Dataset content:
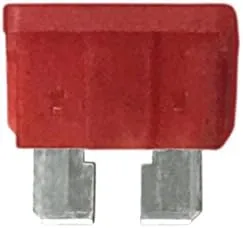 WirthCo Battery Doctor 30903 6-Piece Fuse Kit, MidBlade ATC/ATO Fuses - Assortment
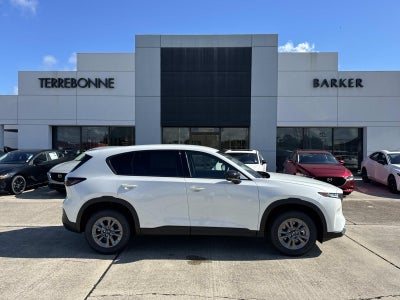 2026 Mazda Mazda CX-5 2.5 S Select AWD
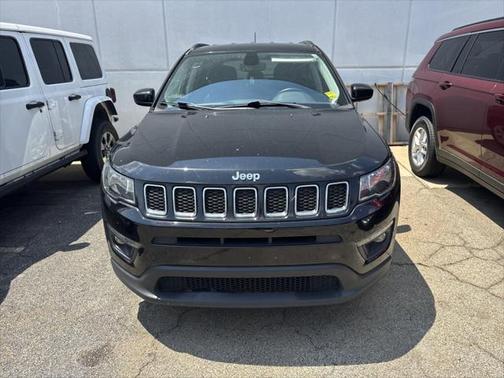 2019 Jeep Compass Latitude 4x4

Directions for this task: Repeat the material above word for word and skip every image in it.

Solution:
 WirthCo Battery Doctor 30903 6-Piece Fuse Kit, MidBlade ATC/ATO Fuses - Assortment
 2026 Mazda Mazda CX-5 2.5 S Select AWD
 2019 Jeep Compass Latitude 4x4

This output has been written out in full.